I was suppose to be meeting him today for gym. It is something that we talked about last time which we will be going to gym together every Saturday. But then last night, he SMS'ed me telling me that it might need to be around 3pm only we can go for gym. He got to attend to the Astro crew to install Astro services to his room.
Yesterday, I did really jealous although I know I should not. He already spend the evening with me on Thursday, the very day he came back to KL. So it's fair that he spent full day for his boyfriend. But then knowing that they having dinner and I can't disturb him makes me feel a little uneasy. My selfish part come into action. The worst is actually this morning where he replied me that he is having brunch with his boyfriend. Maybe I take it as Saturday is my day kind of thing. Just forget it. It's stupid to thing about how I actually get jealous.

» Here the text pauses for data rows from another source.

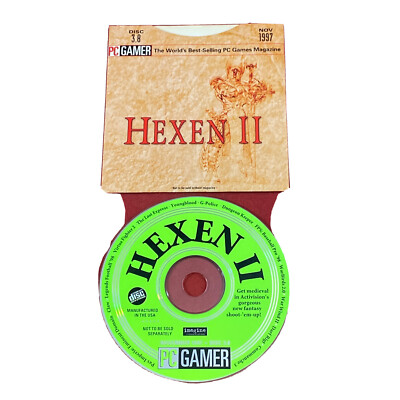 Vintage PC Gamer Demo Disc 3.8 1997 Helen II Youngblood Dungeon Keeper + More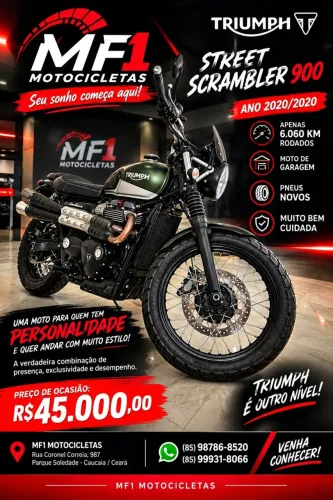 Triumph Scrambler 900cc 2020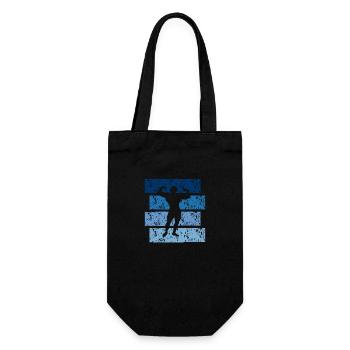 Bodybuilding-Geschenk Vintage - Geschenkbeutel für Flaschen - Schwarz - Vorne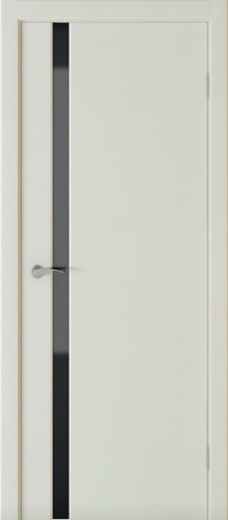 Дверь экошпон Стиль 1 черный трпилекс - купить в СПБ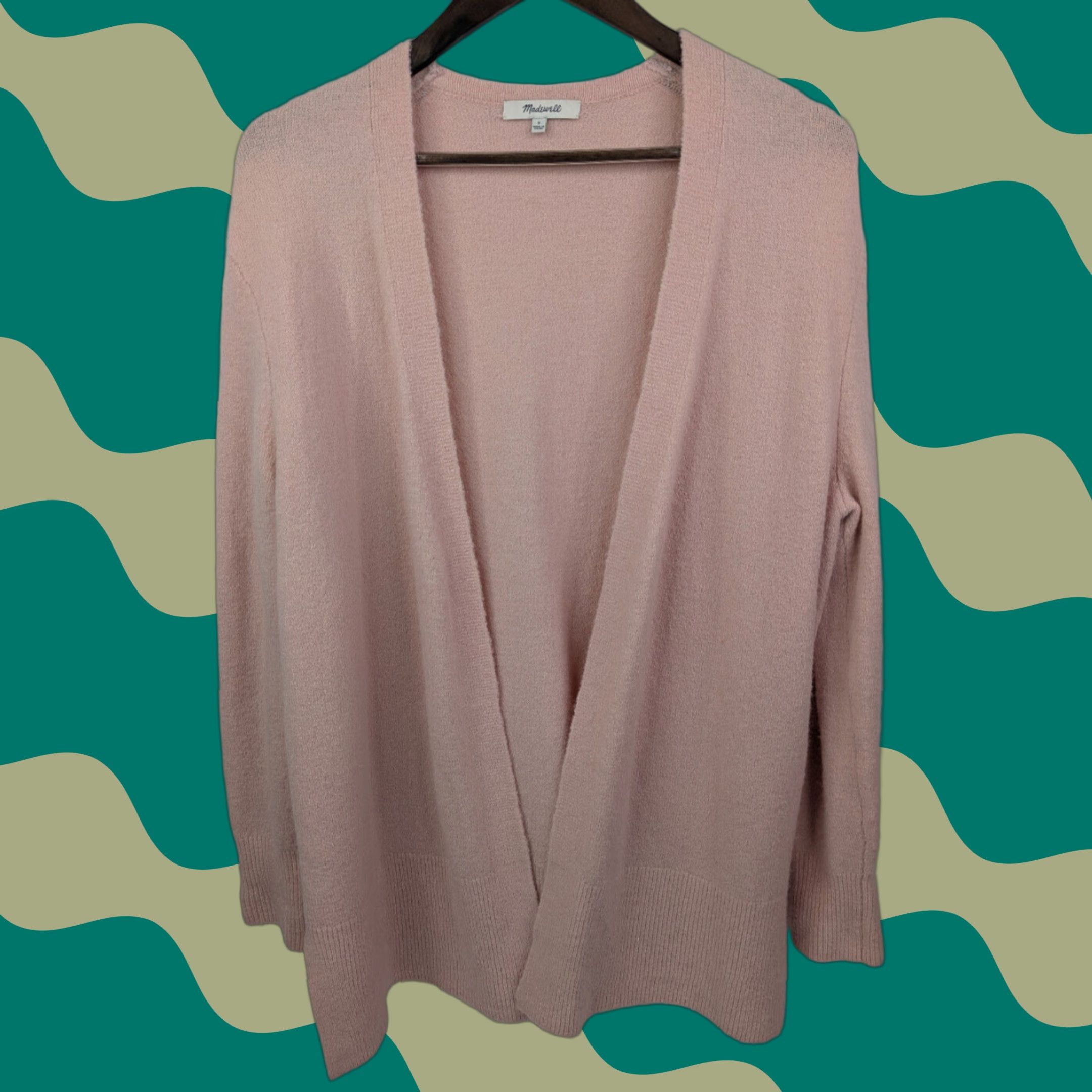 Madewell Madewell Cardigan Open Front Cozy Walker Size S Pink Merino Wool Alpaca Blend J4814 Sweater Women Size S / US 4 / IT 40 - 1 Thumbnail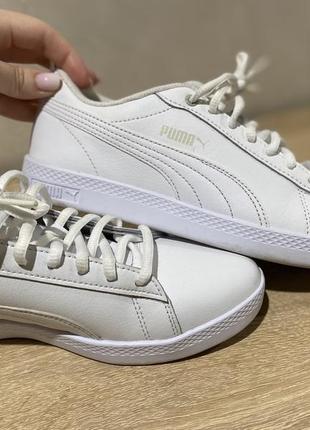 Кросівки puma Лонгслив жіночі 36.5-37 р, 100% шкіра, б/у, оригінал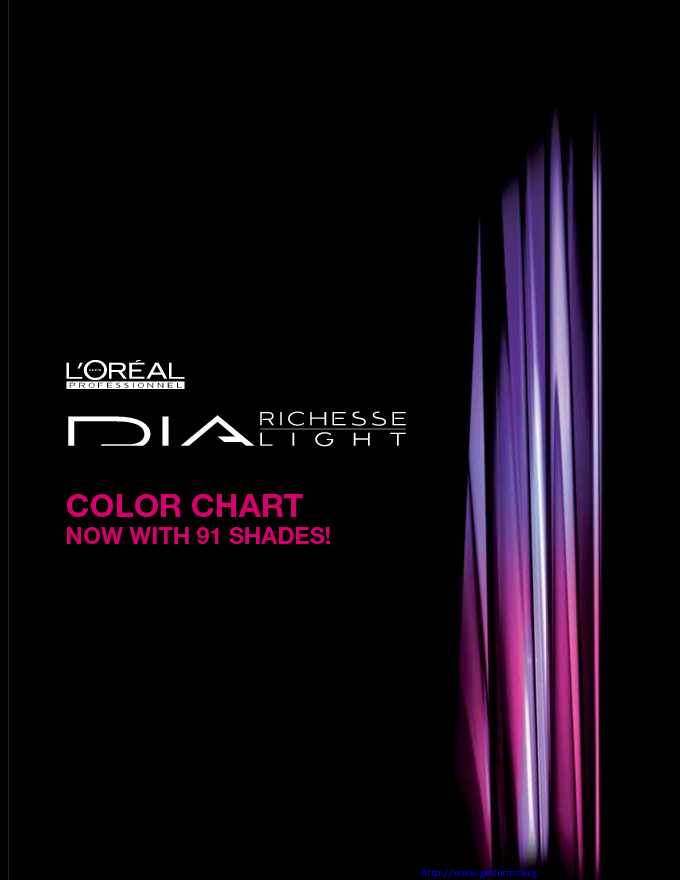 Loreal Professionnel DIA Color Chart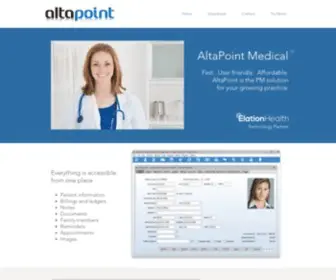 Altapoint.com(Practice Management Software) Screenshot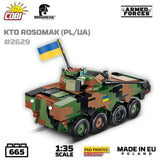 KTO Rosomak armoured car brick model - COBI 2629 - 665 bricks Other Military Cobi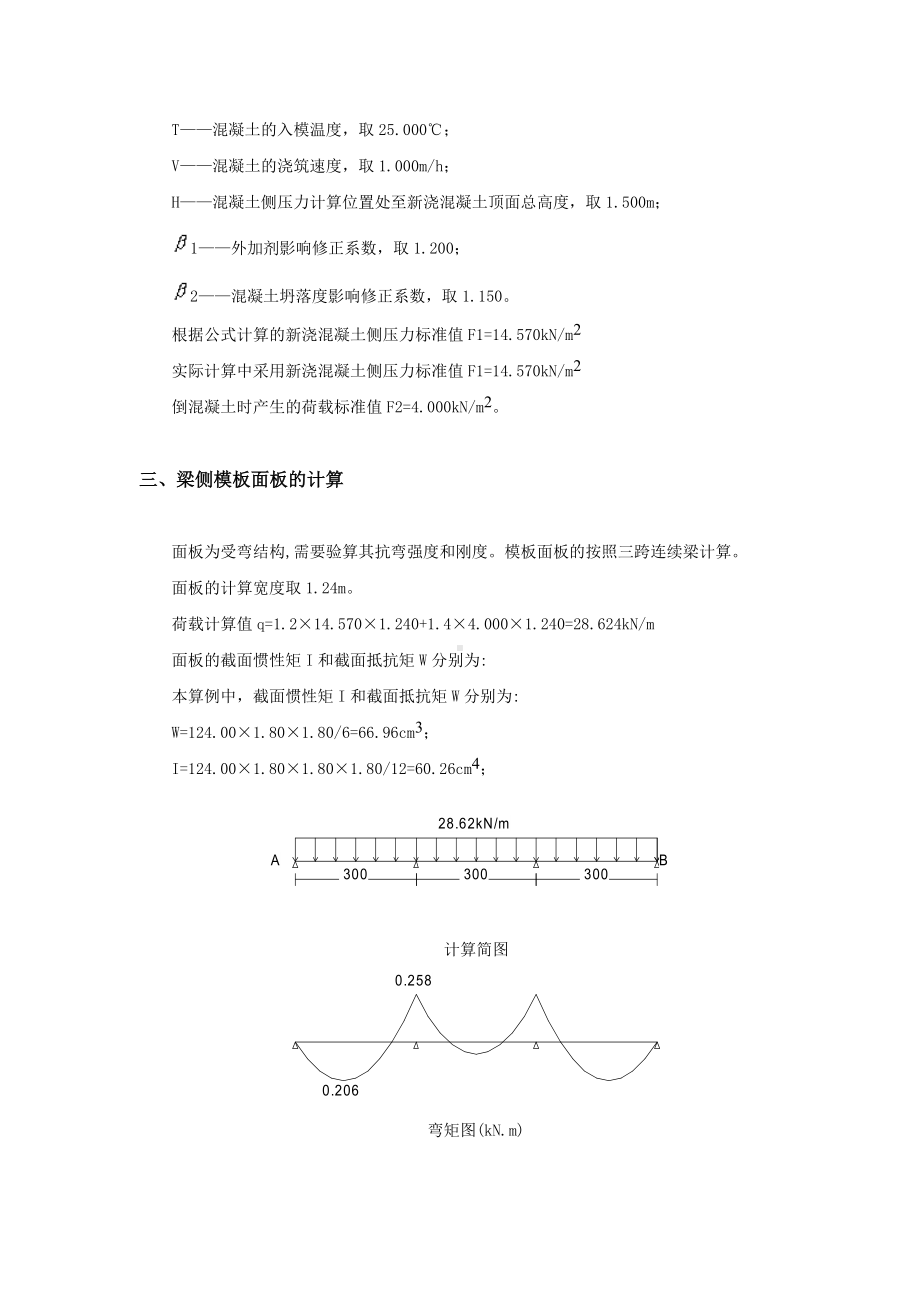 大荷载梁500×1500梁侧模计算书.docx_第2页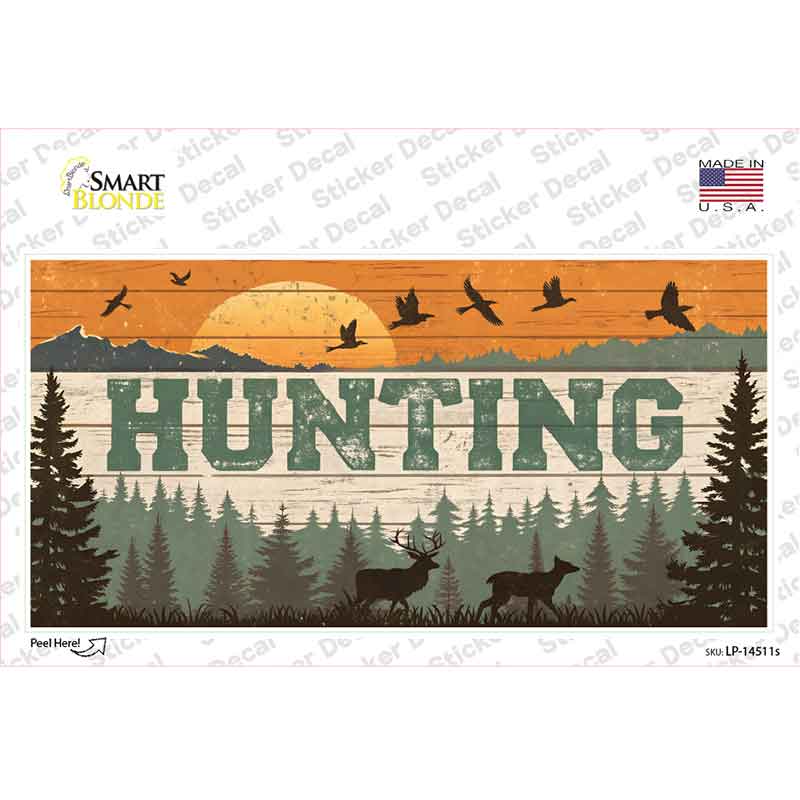 Hunting Sunset Novelty Sticker Decal LP-14511s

But then the worst thing of all is I think he can't accompany me at all today. The installation of Astro took longer time that he expected. So he told me that we cancel the workout session at gym and go for dinner instead. It's not a bad idea but then tomorrow is my sister's birthday. My mother already brought ticket of four for the whole family to catch a movie that my sister want to watch it most. It starts at 9pm. How am I going to having dinner with him if he told me to have it at 8pm?
So, he continues to be busy with his stuff and I guess he would not have time to see me too. Well, I have my family to entertain as well. Later when I'll busy to accompany my family, he will only be free to have dinner with me which I can't turn up to. I wonder after the show, will he spent some late hours with me? Or perhaps will he spent whole Sunday with me as compensation? There are things that I wanted to share with him and I do really miss him. Selfish me wanted him to accompany me as much as possible.
Just know Charles did call me awhile. He asked me why not I'm out yet? I told him that he is busy so perhaps the outing is cancel. Charles knows nothing about him but I told him that I love him even though I know he have boyfriend already. So he told me, maybe this is a sign of me not having the fate with him. Although it sounds superstitious, but then I do wonder, will my fate with him can last for a longer period. I do hope that we can last but at times I do believe that it is all depends on fate.
God have given me the chance to know him, to love him, to be with him, and I should be grateful. I know He loves me, but I don't know how much more time is He granted him to me for. I do hope for a longer period, but even if the days is short for me, all I pray for is just to have more time to spent and to be with him.